### [PROBLEM TO SOLVE]
The line containing "Ford Bronco |" marks the end: output every line of the data up to it, and that line too, exactly as written.

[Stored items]
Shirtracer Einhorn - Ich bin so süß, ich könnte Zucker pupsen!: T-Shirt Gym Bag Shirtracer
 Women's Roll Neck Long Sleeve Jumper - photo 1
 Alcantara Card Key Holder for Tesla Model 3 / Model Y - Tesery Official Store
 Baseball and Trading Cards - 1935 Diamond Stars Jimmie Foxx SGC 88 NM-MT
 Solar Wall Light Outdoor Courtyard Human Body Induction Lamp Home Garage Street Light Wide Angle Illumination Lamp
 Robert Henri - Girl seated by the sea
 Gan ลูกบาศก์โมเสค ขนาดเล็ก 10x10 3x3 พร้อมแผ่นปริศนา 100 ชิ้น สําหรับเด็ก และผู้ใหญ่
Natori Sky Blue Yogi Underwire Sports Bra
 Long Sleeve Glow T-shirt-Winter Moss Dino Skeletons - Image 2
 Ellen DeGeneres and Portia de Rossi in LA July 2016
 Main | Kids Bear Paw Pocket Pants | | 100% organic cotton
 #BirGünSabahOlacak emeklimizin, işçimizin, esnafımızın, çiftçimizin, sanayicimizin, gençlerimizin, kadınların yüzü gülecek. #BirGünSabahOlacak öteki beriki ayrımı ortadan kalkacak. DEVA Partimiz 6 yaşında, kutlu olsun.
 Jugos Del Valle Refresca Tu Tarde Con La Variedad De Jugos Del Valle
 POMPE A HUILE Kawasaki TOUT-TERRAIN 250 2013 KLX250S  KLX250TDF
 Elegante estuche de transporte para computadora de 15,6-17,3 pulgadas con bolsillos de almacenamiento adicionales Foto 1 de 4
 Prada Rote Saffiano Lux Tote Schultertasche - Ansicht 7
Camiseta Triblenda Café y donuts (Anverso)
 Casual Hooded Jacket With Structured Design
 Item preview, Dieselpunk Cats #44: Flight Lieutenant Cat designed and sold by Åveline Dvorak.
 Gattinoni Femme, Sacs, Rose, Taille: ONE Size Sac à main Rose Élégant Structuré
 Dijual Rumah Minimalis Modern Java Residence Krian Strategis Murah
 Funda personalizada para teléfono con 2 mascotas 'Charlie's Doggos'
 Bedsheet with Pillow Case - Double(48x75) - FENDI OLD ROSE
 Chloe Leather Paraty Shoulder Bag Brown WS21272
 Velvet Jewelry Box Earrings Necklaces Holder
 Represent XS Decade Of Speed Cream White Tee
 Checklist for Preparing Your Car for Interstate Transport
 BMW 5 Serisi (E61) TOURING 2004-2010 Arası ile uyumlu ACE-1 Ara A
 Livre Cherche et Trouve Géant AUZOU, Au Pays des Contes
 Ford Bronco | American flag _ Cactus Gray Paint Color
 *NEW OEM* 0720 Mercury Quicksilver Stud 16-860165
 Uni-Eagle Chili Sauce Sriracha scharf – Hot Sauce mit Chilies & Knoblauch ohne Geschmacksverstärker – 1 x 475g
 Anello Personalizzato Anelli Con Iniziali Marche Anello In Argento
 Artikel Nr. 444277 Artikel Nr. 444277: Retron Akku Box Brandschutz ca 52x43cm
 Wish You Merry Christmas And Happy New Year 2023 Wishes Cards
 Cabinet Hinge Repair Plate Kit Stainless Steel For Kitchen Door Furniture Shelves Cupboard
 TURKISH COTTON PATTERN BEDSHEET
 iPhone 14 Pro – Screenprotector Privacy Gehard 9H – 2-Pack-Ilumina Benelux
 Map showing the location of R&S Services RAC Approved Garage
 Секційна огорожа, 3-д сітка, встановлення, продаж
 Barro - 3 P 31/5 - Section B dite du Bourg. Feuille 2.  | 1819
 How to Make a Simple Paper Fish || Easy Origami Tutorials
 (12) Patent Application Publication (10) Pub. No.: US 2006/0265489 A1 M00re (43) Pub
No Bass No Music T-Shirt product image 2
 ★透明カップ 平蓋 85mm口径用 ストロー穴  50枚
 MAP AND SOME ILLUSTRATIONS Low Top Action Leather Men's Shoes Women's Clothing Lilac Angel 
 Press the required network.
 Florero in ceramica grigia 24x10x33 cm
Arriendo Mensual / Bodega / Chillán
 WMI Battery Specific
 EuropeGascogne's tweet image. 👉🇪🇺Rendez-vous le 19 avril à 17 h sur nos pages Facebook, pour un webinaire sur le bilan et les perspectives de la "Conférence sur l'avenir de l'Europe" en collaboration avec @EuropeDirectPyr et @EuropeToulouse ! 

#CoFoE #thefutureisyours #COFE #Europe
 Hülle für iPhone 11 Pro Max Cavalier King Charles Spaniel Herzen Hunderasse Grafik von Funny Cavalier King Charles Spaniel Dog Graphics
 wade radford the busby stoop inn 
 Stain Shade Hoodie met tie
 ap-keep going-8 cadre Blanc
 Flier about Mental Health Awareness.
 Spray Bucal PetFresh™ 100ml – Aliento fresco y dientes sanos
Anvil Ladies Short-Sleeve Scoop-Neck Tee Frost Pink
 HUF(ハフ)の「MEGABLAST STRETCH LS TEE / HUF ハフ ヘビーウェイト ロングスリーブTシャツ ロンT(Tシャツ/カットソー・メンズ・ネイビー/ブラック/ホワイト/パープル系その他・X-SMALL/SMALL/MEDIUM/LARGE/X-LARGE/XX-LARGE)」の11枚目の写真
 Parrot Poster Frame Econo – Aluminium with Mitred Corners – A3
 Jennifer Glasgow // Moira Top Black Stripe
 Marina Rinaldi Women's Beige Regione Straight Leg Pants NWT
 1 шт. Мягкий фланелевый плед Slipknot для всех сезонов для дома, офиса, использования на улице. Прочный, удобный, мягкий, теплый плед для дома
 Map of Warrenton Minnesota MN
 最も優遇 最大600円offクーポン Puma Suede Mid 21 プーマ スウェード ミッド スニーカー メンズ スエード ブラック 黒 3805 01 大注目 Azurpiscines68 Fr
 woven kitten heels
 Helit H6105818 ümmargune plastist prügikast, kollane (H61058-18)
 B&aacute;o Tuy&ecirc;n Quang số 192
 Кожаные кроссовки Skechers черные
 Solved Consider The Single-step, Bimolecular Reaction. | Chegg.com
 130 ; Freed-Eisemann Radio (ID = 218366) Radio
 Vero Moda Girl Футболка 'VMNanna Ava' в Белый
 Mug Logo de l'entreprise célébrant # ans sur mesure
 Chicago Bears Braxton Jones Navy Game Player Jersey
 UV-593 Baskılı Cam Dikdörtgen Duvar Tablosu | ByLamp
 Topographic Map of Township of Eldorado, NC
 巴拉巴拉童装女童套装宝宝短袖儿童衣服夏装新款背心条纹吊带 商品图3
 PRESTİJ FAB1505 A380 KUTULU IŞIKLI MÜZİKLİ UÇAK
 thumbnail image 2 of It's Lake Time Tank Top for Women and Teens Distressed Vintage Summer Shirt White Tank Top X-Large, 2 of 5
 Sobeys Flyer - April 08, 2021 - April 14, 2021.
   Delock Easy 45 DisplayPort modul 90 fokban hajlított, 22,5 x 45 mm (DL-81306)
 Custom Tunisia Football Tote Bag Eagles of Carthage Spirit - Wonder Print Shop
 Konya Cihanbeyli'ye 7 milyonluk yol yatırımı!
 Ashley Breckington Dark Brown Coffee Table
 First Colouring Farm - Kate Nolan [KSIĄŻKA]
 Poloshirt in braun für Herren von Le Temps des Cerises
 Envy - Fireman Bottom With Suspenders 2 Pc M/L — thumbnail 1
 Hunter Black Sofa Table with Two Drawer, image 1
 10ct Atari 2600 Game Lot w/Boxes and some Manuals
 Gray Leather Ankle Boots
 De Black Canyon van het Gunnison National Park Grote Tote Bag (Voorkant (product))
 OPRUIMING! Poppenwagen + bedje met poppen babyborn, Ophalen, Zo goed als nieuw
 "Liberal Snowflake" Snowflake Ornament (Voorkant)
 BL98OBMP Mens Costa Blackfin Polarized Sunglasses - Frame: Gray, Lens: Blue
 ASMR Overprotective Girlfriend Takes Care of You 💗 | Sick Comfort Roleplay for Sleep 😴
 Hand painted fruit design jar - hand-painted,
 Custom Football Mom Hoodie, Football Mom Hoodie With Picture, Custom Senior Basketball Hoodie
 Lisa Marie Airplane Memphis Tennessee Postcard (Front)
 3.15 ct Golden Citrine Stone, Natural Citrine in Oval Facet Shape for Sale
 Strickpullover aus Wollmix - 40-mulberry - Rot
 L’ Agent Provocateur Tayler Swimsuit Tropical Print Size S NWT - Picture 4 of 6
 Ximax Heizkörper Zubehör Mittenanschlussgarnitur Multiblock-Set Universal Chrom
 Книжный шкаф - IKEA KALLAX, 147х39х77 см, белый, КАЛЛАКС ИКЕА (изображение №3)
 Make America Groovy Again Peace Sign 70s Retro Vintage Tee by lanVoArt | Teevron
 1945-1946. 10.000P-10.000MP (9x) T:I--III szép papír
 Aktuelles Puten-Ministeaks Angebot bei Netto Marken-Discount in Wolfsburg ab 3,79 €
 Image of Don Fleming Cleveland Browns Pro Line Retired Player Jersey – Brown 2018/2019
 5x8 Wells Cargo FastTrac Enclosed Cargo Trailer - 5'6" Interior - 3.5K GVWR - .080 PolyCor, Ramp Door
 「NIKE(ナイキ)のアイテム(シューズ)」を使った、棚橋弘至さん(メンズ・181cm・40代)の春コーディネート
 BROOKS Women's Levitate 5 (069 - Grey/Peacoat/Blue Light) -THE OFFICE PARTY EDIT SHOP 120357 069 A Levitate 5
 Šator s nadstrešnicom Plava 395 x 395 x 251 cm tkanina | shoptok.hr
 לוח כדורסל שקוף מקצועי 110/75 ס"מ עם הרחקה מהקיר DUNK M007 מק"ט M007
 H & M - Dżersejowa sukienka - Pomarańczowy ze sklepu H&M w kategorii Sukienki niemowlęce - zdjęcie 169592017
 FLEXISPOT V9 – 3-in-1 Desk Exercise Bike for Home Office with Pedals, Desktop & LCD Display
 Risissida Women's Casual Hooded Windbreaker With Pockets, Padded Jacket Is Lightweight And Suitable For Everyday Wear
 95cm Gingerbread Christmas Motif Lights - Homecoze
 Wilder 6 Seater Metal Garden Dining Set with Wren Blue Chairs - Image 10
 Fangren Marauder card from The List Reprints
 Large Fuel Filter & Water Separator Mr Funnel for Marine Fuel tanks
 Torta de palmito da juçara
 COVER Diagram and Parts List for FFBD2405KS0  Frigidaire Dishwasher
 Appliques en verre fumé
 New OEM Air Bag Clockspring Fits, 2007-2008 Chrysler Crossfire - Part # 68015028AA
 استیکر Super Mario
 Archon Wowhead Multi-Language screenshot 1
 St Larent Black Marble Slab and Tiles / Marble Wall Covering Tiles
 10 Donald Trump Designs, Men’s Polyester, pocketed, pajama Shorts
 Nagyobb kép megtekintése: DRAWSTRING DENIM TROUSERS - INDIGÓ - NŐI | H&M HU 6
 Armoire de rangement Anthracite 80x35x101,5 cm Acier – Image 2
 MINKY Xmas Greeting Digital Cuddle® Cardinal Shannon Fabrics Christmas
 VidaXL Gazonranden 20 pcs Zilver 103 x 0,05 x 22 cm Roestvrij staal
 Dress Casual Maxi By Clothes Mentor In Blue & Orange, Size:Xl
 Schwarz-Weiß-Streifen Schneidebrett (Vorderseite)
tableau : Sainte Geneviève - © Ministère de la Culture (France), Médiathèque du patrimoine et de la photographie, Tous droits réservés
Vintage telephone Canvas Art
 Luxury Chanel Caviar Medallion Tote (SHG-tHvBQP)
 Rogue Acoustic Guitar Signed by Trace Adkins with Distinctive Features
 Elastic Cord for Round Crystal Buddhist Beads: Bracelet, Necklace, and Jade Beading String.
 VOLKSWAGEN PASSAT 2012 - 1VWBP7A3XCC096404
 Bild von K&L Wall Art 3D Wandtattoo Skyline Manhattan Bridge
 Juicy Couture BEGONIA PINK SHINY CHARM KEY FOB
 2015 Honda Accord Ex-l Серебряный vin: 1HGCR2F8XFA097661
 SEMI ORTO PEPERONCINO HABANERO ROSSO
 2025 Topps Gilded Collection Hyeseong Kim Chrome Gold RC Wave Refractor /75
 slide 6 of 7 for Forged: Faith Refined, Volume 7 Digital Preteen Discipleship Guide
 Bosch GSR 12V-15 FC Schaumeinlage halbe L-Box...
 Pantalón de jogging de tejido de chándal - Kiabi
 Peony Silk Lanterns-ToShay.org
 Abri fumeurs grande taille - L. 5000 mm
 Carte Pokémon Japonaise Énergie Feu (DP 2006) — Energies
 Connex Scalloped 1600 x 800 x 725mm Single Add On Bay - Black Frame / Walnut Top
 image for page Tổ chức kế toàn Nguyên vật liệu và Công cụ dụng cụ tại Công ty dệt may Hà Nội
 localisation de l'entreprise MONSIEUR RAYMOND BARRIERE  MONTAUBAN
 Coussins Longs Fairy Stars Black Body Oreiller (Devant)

### [OUTPUT FOR THIS EXERCISE]
Shirtracer Einhorn - Ich bin so süß, ich könnte Zucker pupsen!: T-Shirt Gym Bag Shirtracer
 Women's Roll Neck Long Sleeve Jumper - photo 1
 Alcantara Card Key Holder for Tesla Model 3 / Model Y - Tesery Official Store
 Baseball and Trading Cards - 1935 Diamond Stars Jimmie Foxx SGC 88 NM-MT
 Solar Wall Light Outdoor Courtyard Human Body Induction Lamp Home Garage Street Light Wide Angle Illumination Lamp
 Robert Henri - Girl seated by the sea
 Gan ลูกบาศก์โมเสค ขนาดเล็ก 10x10 3x3 พร้อมแผ่นปริศนา 100 ชิ้น สําหรับเด็ก และผู้ใหญ่
Natori Sky Blue Yogi Underwire Sports Bra
 Long Sleeve Glow T-shirt-Winter Moss Dino Skeletons - Image 2
 Ellen DeGeneres and Portia de Rossi in LA July 2016
 Main | Kids Bear Paw Pocket Pants | | 100% organic cotton
 #BirGünSabahOlacak emeklimizin, işçimizin, esnafımızın, çiftçimizin, sanayicimizin, gençlerimizin, kadınların yüzü gülecek. #BirGünSabahOlacak öteki beriki ayrımı ortadan kalkacak. DEVA Partimiz 6 yaşında, kutlu olsun.
 Jugos Del Valle Refresca Tu Tarde Con La Variedad De Jugos Del Valle
 POMPE A HUILE Kawasaki TOUT-TERRAIN 250 2013 KLX250S  KLX250TDF
 Elegante estuche de transporte para computadora de 15,6-17,3 pulgadas con bolsillos de almacenamiento adicionales Foto 1 de 4
 Prada Rote Saffiano Lux Tote Schultertasche - Ansicht 7
Camiseta Triblenda Café y donuts (Anverso)
 Casual Hooded Jacket With Structured Design
 Item preview, Dieselpunk Cats #44: Flight Lieutenant Cat designed and sold by Åveline Dvorak.
 Gattinoni Femme, Sacs, Rose, Taille: ONE Size Sac à main Rose Élégant Structuré
 Dijual Rumah Minimalis Modern Java Residence Krian Strategis Murah
 Funda personalizada para teléfono con 2 mascotas 'Charlie's Doggos'
 Bedsheet with Pillow Case - Double(48x75) - FENDI OLD ROSE
 Chloe Leather Paraty Shoulder Bag Brown WS21272
 Velvet Jewelry Box Earrings Necklaces Holder
 Represent XS Decade Of Speed Cream White Tee
 Checklist for Preparing Your Car for Interstate Transport
 BMW 5 Serisi (E61) TOURING 2004-2010 Arası ile uyumlu ACE-1 Ara A
 Livre Cherche et Trouve Géant AUZOU, Au Pays des Contes
 Ford Bronco | American flag _ Cactus Gray Paint Color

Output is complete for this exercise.